*REQUIRED WORK*.
Quote exactly and only this range of lines in the data below: the line that holds "Building Photo - 101 Cedar Ave" to the line that holds "464 Tara Dr — Photo 30", both included.

*DATA PROVIDED*.
#####

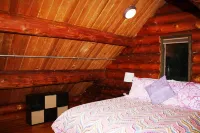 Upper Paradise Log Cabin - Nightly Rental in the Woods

#####

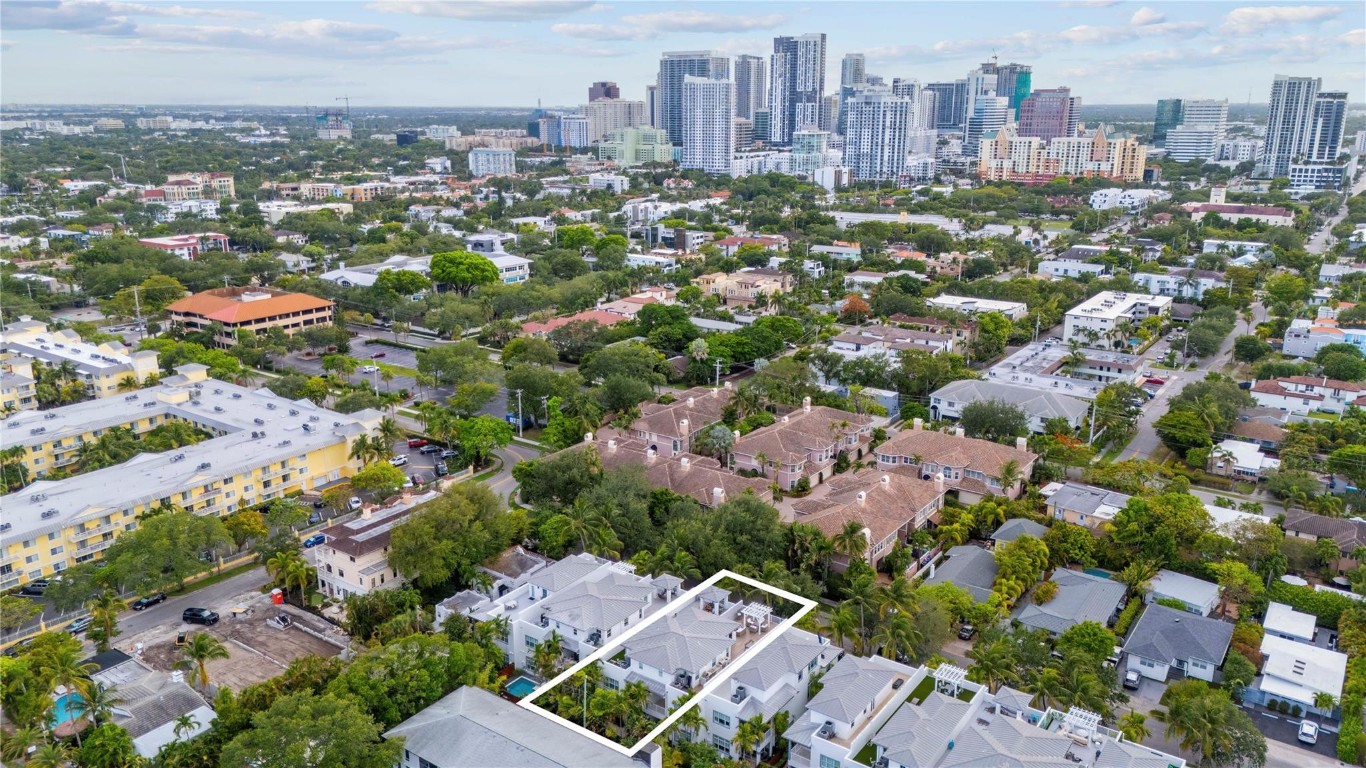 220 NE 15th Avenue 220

#####

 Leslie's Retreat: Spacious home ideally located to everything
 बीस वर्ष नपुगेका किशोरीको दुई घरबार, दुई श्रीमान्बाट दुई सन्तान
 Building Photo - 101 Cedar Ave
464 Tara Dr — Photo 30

#####

*OUTPUT FOR THIS TASK*.
 Building Photo - 101 Cedar Ave
464 Tara Dr — Photo 30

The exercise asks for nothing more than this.